■ Activity
Starting with the line that contains "Hedwig Sheath/Column One-Shoulder" and stopping after the line that contains "Women's long sleeve", return each line below exactly as written, with no others.

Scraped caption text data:

━━━━━━━━━━━━━━━━━━━━━━━━━━━━━━

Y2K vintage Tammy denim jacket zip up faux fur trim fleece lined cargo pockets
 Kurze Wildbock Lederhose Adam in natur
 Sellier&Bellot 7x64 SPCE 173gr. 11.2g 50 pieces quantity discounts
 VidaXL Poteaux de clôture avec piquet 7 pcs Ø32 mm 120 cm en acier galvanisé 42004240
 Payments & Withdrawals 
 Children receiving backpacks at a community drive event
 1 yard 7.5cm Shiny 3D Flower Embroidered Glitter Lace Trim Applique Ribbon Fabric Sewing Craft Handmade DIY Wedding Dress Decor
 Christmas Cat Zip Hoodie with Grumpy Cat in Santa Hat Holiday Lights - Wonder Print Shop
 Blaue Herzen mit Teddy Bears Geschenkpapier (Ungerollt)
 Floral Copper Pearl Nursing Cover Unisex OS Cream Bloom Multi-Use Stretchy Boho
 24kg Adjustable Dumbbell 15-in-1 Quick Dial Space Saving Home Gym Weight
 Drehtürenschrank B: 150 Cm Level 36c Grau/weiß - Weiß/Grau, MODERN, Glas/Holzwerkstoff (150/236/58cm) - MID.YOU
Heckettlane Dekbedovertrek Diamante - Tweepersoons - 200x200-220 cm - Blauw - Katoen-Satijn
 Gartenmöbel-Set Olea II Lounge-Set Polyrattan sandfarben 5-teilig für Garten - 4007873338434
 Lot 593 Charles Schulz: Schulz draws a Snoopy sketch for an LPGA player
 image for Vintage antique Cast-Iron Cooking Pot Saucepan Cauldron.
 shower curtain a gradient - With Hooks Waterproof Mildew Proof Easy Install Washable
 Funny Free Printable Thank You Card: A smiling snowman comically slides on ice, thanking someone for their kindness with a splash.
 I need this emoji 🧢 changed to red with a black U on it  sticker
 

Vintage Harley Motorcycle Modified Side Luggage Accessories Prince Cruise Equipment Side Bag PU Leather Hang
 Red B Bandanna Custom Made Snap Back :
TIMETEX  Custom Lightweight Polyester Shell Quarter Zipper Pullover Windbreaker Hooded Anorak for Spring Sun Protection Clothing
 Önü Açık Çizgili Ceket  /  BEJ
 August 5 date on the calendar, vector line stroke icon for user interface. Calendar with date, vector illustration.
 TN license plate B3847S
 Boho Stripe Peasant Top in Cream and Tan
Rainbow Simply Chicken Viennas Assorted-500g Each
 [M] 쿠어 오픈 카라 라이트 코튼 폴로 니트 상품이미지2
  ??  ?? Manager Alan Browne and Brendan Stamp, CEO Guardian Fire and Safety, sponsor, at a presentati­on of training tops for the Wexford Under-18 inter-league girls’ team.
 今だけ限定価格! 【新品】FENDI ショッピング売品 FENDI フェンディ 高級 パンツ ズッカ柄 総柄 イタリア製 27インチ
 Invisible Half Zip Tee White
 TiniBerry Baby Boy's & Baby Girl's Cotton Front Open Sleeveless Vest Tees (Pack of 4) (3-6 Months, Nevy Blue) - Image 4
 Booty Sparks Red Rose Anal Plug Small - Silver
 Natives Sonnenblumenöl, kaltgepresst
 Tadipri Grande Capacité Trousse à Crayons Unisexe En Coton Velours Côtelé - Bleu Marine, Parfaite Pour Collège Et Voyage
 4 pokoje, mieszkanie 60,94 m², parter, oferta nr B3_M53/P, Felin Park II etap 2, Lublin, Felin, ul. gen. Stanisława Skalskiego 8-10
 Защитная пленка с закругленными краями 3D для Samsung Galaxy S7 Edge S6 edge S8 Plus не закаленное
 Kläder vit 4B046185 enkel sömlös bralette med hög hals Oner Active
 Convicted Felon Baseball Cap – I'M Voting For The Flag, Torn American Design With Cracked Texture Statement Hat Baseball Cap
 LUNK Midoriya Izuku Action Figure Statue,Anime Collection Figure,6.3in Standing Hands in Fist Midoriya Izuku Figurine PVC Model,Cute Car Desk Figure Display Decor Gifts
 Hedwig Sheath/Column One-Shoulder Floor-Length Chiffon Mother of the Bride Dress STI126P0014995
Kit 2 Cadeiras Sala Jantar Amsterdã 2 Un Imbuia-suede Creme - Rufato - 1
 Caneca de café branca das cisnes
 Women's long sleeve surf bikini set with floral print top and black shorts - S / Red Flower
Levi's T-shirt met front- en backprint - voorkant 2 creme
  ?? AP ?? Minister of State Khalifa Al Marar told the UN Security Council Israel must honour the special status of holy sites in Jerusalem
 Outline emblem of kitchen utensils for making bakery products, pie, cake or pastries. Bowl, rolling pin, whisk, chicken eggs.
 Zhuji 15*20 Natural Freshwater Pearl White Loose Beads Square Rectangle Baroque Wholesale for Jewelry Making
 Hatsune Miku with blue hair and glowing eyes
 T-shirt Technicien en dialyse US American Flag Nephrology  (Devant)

━━━━━━━━━━━━━━━━━━━━━━━━━━━━━━

■ Completed exercise
 Hedwig Sheath/Column One-Shoulder Floor-Length Chiffon Mother of the Bride Dress STI126P0014995
Kit 2 Cadeiras Sala Jantar Amsterdã 2 Un Imbuia-suede Creme - Rufato - 1
 Caneca de café branca das cisnes
 Women's long sleeve surf bikini set with floral print top and black shorts - S / Red Flower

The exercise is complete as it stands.